= Panning law =

Principle in audio engineering

Panning law, or panning rule, is a recording and mixing principle that states that any signal of equal amplitude and phase that is played in both channels of a stereo system will increase in loudness up to 6.02 dBSPL, provided there is perfect response in the loudspeaker system and perfect acoustics in the room.

Often, the acoustic summing of a room and system are inferior to the ideal, so the specific relative level will increase from −3 dB to 0 dB as the mono signal is panned from center to hard left or right. The idea of including a pan law is so that when one directs signals left or right with the pan pot, the perceived loudness will stay the same.

However, both the direction of attenuation throughout the panoramic sweep and the amount by which the signal is attenuated vary according to panning rule. For example, Yamaha digital consoles employ a typical (compromise) 3 dB panning rule where the signal is at full level when pan position is centered and becomes progressively louder (up to + 3 dB) as it is panned to the right or left.

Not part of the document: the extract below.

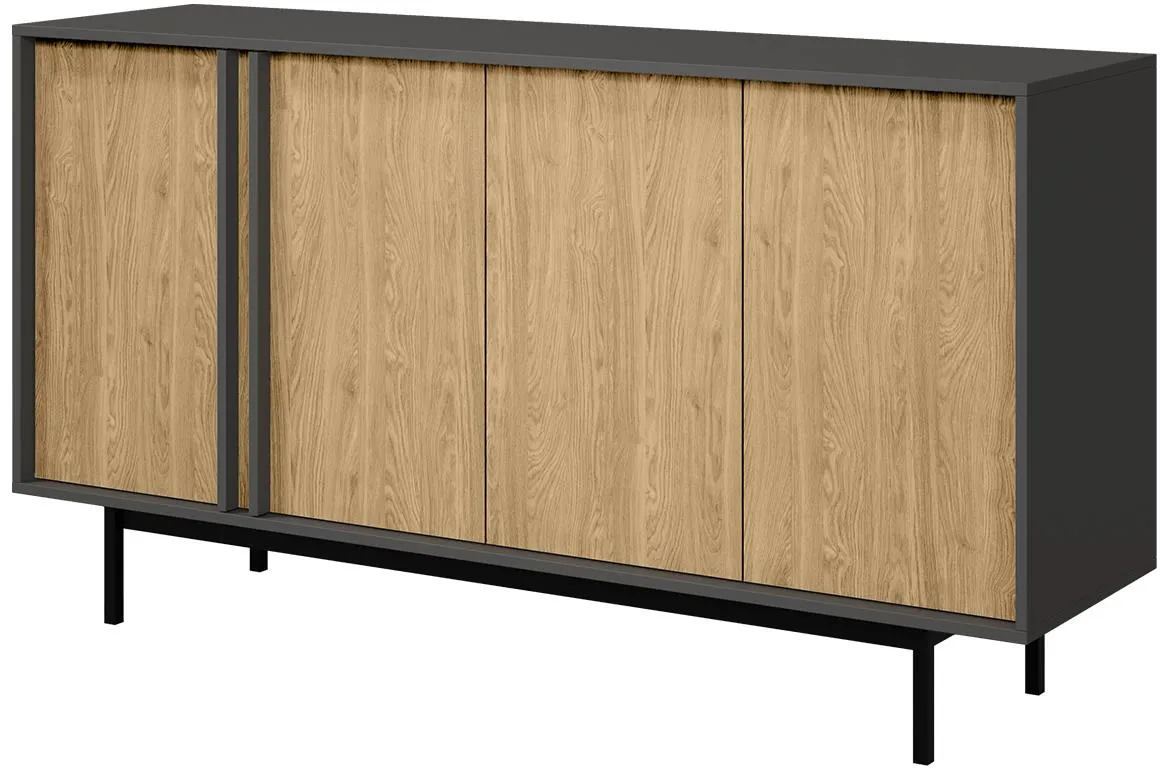 Alsy 6 komoda 163x43x87 siva/hrast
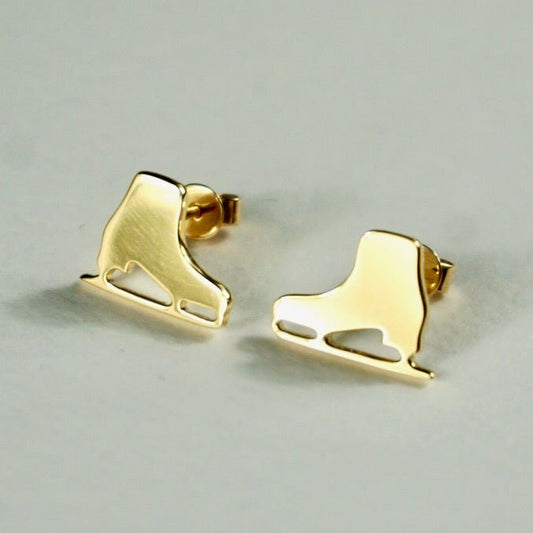 Ice Skate 14k Solid Gold Stud Earrings - Jewelry Takeover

The 3 dB panning rule is a commonly applied compromise to comply with the mediocre acoustic summing capabilities of most control rooms. However, the console manufacturer SSL used to employ a 4.5 dB panning rule, because it was believed that their expensive consoles would normally be used in tuned rooms that had acoustic summing capabilities closer to the ideal.

Many consoles that have only one panning rule employ one such that a signal panned hard left or right is at full level and becomes progressively lower in level as the pan is directed to the center.